Meine Webseite LINK: 

http://mta-webseite.24.gp/HOME/

Pfad zu CSS:

http://mta-webseite.24.gp/HOME/CSS/home.css


----------



## SpiceLab (10. Februar 2011)

Erzeuge einfach ein <div>-Element, das zum einen die Layoutbreite erhält und im Vewport horizontal zentriert wird, und zum zweiten alle Seitenbereiche (Header, Navigation, Content, Footer) umschließt.

Die Abstände werden nun an dessen Boxenränder ausgerichtet, womit sie unabhängig von der jeweiligen Browserfenstergröße sind, und die Elemente sich somit nicht mehr verschieben.


----------



## umar420 (10. Februar 2011)

Ich habe jetzt nicht ganz verstanden wie mache ich das jetzt mit div tag ?
Es tut mir wirklich leid ich bin net so mächtig in programieren zu mindest noch nicht wöäre sehr nett wenn du mir dabei helfen könntest.


----------



## umar420 (10. Februar 2011)

So ich habe jetzt in Div tag alles gebackt aber jetzt zeigt er mir in leptop falsch und in normalen bildschrim richtig. Was habe ich jetzt falsch gemacht.

Meine Webseite LINK:

http://mta-webseite.24.gp/HOME/

Pfad zu CSS:

http://mta-webseite.24.gp/HOME/CSS/home.css


----------



## SpiceLab (10. Februar 2011)

umar420 hat gesagt.:


> Was habe ich jetzt falsch gemacht.


Der Validator sagt's dir: http://validator.w3.org/check?uri=h...(detect+automatically)&doctype=Inline&group=0 

Dein HTML-Code enthält derzeit 9 öffnende <div>-Tags, jedoch nur  8 schliessende </div>-Tags.


----------



## umar420 (10. Februar 2011)

aha danke ich habe gerade alles verbessert und die seite ist jetzt fehlerfrei nach der valitator. Aber jetzt wird in IE, Chrome,Mozilla und safari anders gezeigt. Also ich meine das jeder browser zeigt anders. was muss ich jetzt dagegen tuhn das es gleich zeigt ?


----------



## SpiceLab (10. Februar 2011)

umar420 hat gesagt.:


> Aber jetzt wird in IE, Chrome,Mozilla und safari anders gezeigt. Also ich meine das jeder browser zeigt anders. was muss ich jetzt dagegen tuhn das es gleich zeigt ?

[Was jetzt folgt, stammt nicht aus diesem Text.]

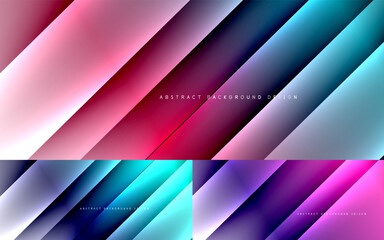 Dynamic diagonal lines abstract background set. Modern trendy techno templates with shadow lines on fluid gradients. Vector wallpaper designs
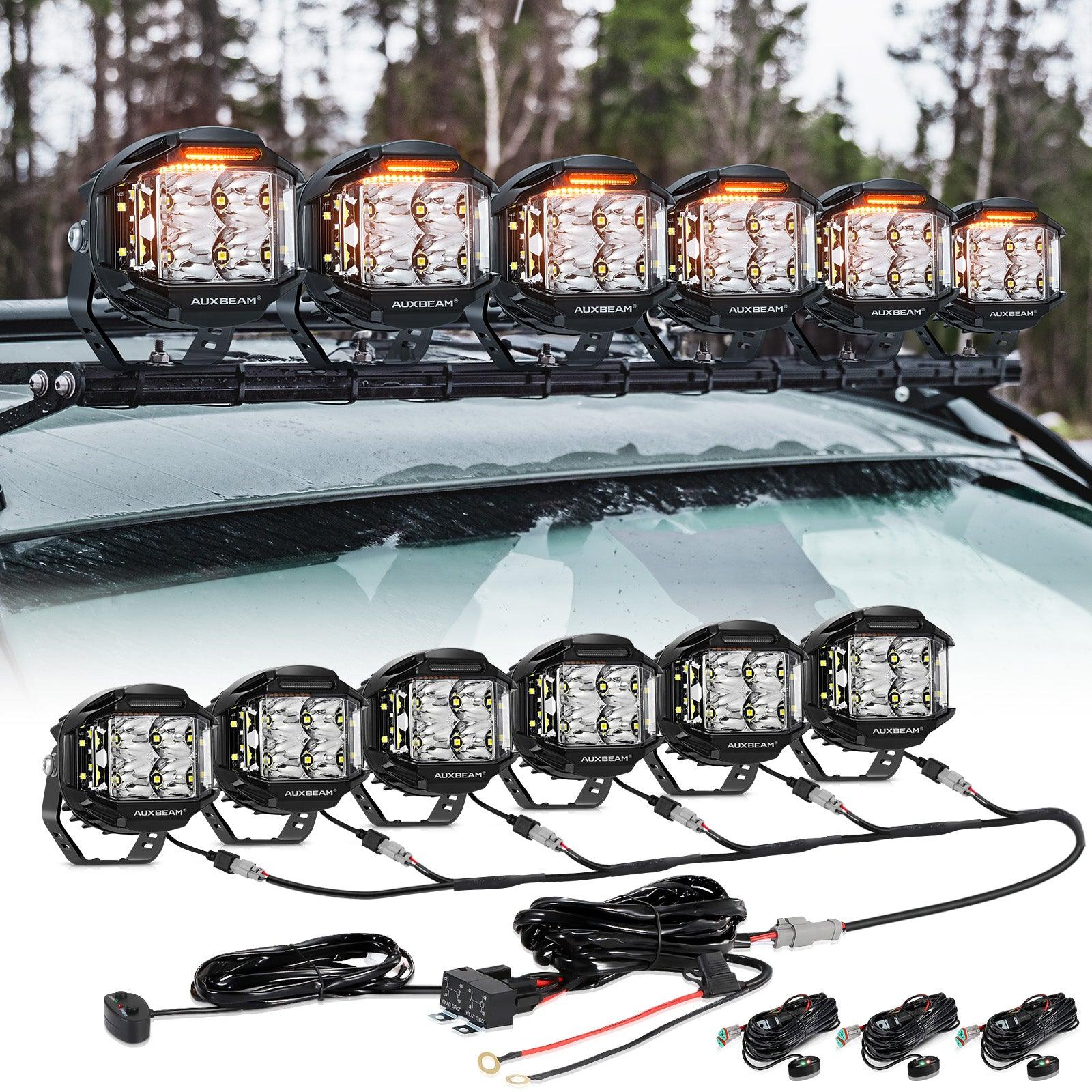 V-MAX Series | 4 Inch 92W 8960LM Spot Beam Side Shooter LED Round Pod Lights with Amber DRL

Kann ich dir auch nicht sagen, da ich derzeit neben FF nicht auf die übrigen Browser zugreifen kann, um unter ihnen den Quervergleich zu ziehen.

Besser du reichst hier die vier Browsershots nach, falls die User-Nachwelt ebenfalls nicht mit all den diversen Browser gesegnet ist, um im Bilde zu sein.


----------



## umar420 (11. Februar 2011)

So mit den anderen browser habe ich auch geschaft da waren in css einige code falsch. Aber ich habe noch ein problem wie kann ich css verläufe für für hintergrund erstellen. 
Habe eine erstellt, aber das problem ist die wiederholen sich und das erkennt man und das will ich vermeiden. Wie ist das möglich ?

LINK ZU WEBSEITE:

http://plyakha.us.st/HOME/


----------



## umar420 (12. Februar 2011)

Hallo,

Ich habe jetzt in css meine navi leiste geschaft war zwar schwer aber immer hin geschaft. Meine frage  ist wenn ich den navi oben verschibe  möchte wird das suchfeld auch mit verschoben. Was muss ich tuhn das die beide nicht mit einder kompatible sind ?

Wenn ich position absulute mache dann ist auf leptop anders und auf rechner bildschrim anders.

Und meine 2te frage ist ich habe in hintergrund ein verlauf farbe erstellt und, wenn ich die hintergrund auf position fixed mache ist das hintergrund verlauf weg.

Meine test webseite:

http://webseite-mta.kilu.de/HOME/


----------



## SpiceLab (13. Februar 2011)

Wie wäre es, deinen fortwährenden Fragekatalog mal allmählich auf einzelne Themen zu verteilen? 

Ansonsten verliert man hier demnächst den Überblick, und zukünftige Hilfesuchende zum  Thema "Un-/Erwünschte Abstände" werden zum Verzehr dieses nicht gesuchten  Aufgusses genötigt, der mittlerweile gediegen am Themenbetreff vorbeigeht.


----------



## umar420 (13. Februar 2011)

Es wäre sehr nett wenn du ganz normal gesagt hättest das ich ein anderen terad auf machen soll ?
Warum so viel text schreiben oder hast du zuviel zeit ?
Ich mag nicht  wenn einer auf chef spielen will. Kurz und schmerzlos schreiben net sinloss texte ballern.
Ich habe nicht gegen dich geschrieben das war nur meine meinung.


----------



## SpiceLab (13. Februar 2011)

umar420 hat gesagt.:


> Warum so viel text schreiben oder hast du zuviel zeit ?
> Ich mag nicht  wenn einer auf chef spielen will. Kurz und schmerzlos schreiben net sinloss texte ballern.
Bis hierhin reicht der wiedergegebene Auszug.